QUINCY, Mass. --
A day after finding families living in potentially dangerous conditions, Quincy inspectors are on the hunt for more illegal apartments.
NewsCenter 5's Amalia Barreda reported that Quincy fire officials toured the city on Thursday, hoping to locate illegal apartments like the one that trapped a father and his two children in a fatal fire last month. Officials said that the apartments they identified during the sweeps may be the tip of the iceberg.
A home at 247 North Central Ave. is one example of the illegal rooming houses that dot the city, according to police. A task force found 10 illegal apartments in the building, which had no heat and only one working smoke detector, police said.
Officers spent the day knocking on doors and following up on anonymous tips about residents living in unsafe conditions. At one property, task force members were tipped off to a potential illegal apartment by an air conditioner poking out of an attic window. At another property on Freeman Street, officials said they found eight illegal units spread throughout the basement and second floor of the building.
Police told the landlord??s son that the tenants would need to move out immediately. Fire Chief Joseph Barron said fire officials are acting in the interest of residents who are put at risk by the unsafe living conditions.
"(The building has) all substandard electrical wiring, so we just have no comfort level with the ability of this to be safe," said Barron.

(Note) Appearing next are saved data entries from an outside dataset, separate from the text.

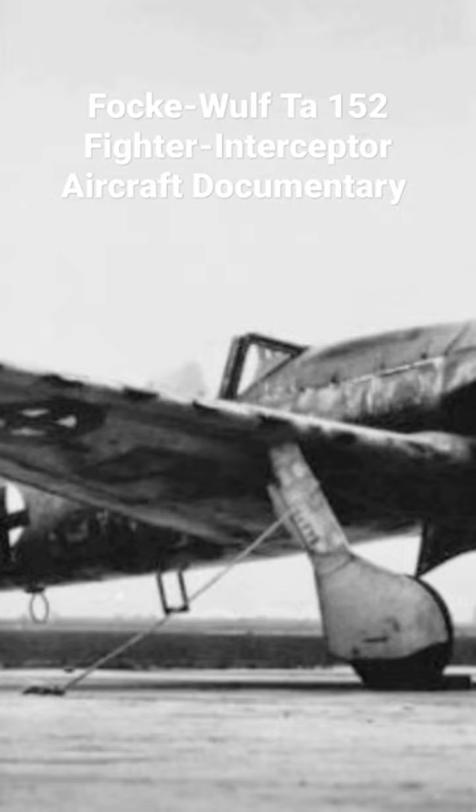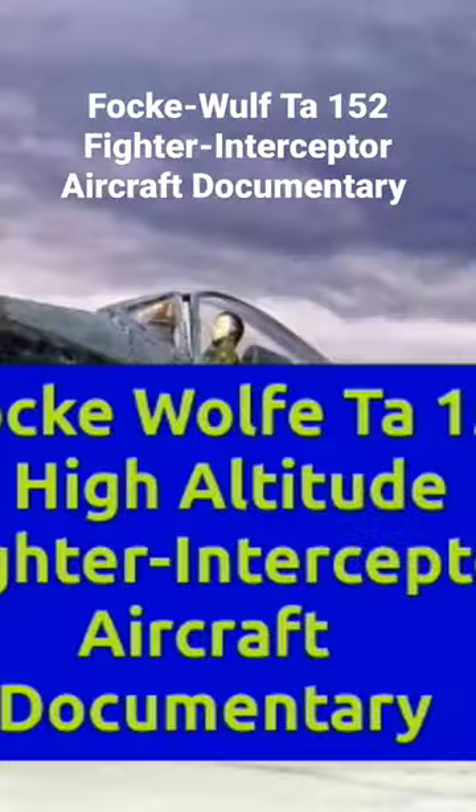The Focke-Wulf TA-152 is a World War II German high altitude fighter interceptor designed by Kurt Tank and produced by Focke-Wulf. The TA-152 was a development of the Focke-Wulf FW-190 aircraft. It was intended to be made in at least three versions: the TA-152H as a high altitude fighter,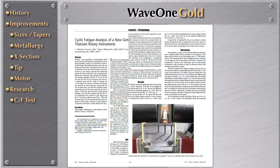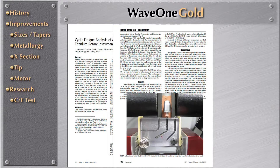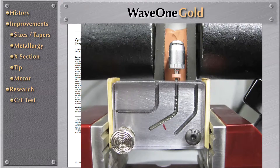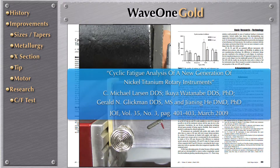This particular article came in 2009, and they used this specific jig to compare these instruments. Since 2009, many articles have based their research study on this jig, and this is the jig that we are going to talk about because this is the jig that we used to test WaveOne Gold.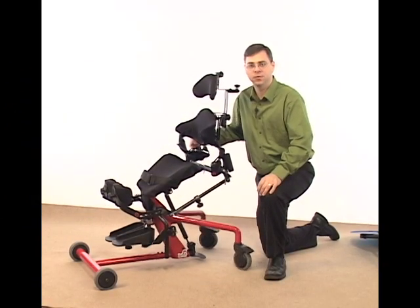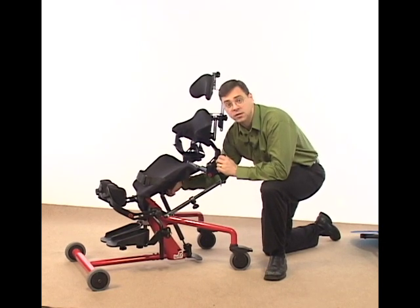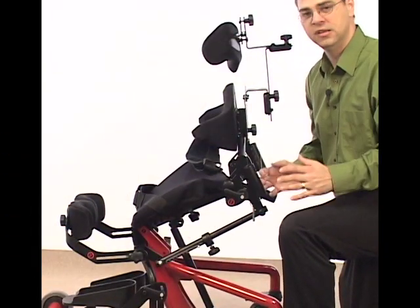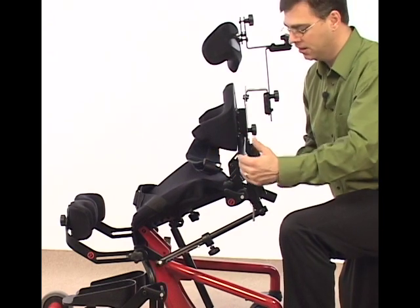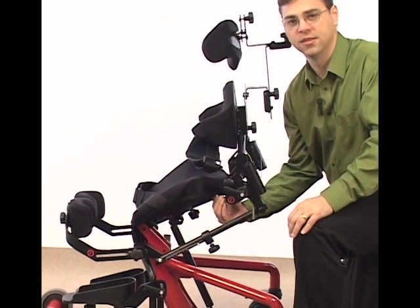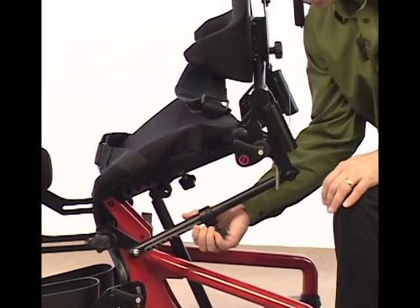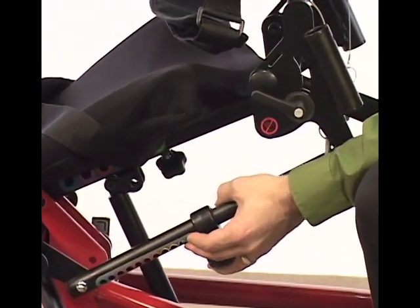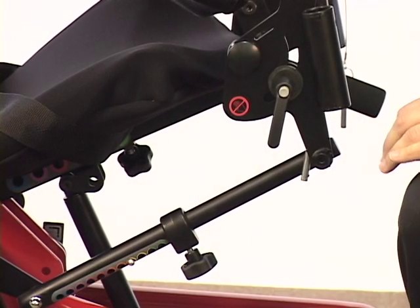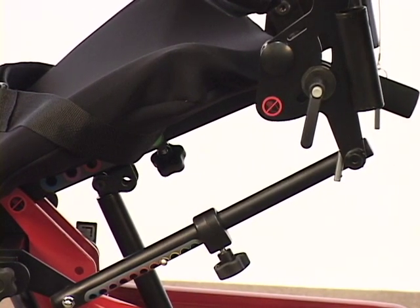Before we adjust the seat depth, we need to loosen the knobs on the following arm and on the seat tube, located underneath the unit. If we want to adjust the seat depth closer in for a small child, we want to adjust the small bar first. I have the seat depth set all the way back in the furthest seat depth position — you know that by looking at the button on the following arm. I depress the button and loosen my knob on the side. When making this adjustment, I only want to go a few holes at a time, because it helps contain better leverage on making the whole adjustment.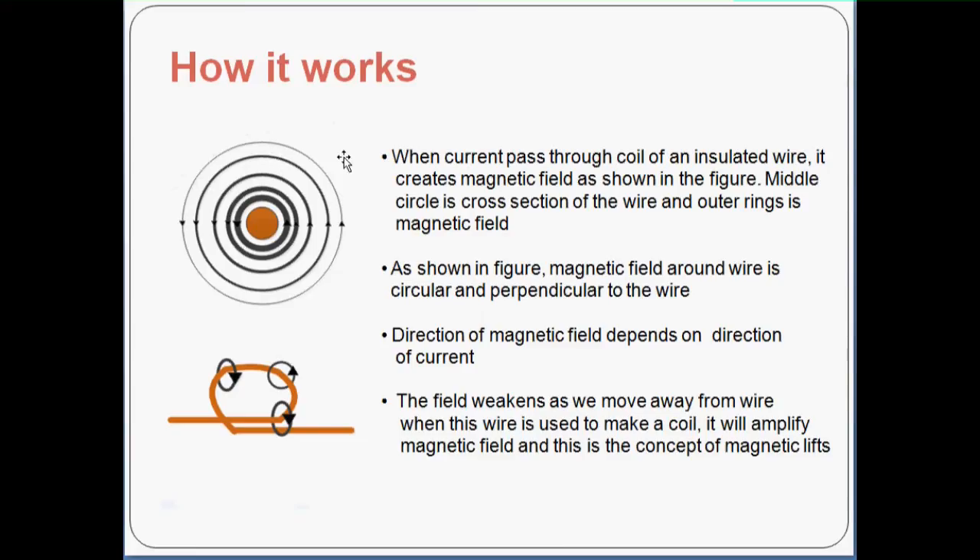This slide shows how it works. When the current passes through the coil of insulated wire, it creates a magnetic field as shown in the figure. The middle section here is a cross section of the wire and the outer ring shows the magnetic field. The magnetic field around the wire is circular in shape and perpendicular to the wire. The direction of the magnetic field depends on the direction of the current — whether it is going inside or coming from outside.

The crackdown comes one week after a devastating fire destroyed an illegal basement apartment at 100 Robertson St. that killed three members of one family.
"My problem as a fire deputy is the means of egress," said Deputy Chief Paul Griffith. "The locked doors slow us down on searching the building if there is a fire and it's all smoke."
"These rooms are not heated," said Quincy Building Inspector Jim Anderson. "They bring their own space heaters in, so it is a tragedy waiting to happen."
A fire watch was posted at one property cited during the task force investigation. At the expense of the landlord, a team of firefighters will keep watch over the property until all of the code violations have been corrected, fire officials said.
"I'm very disappointed," said Barron. "This is my city and I have to be able to have a comfort level that these citizens are safe, and finding things like this is not the case."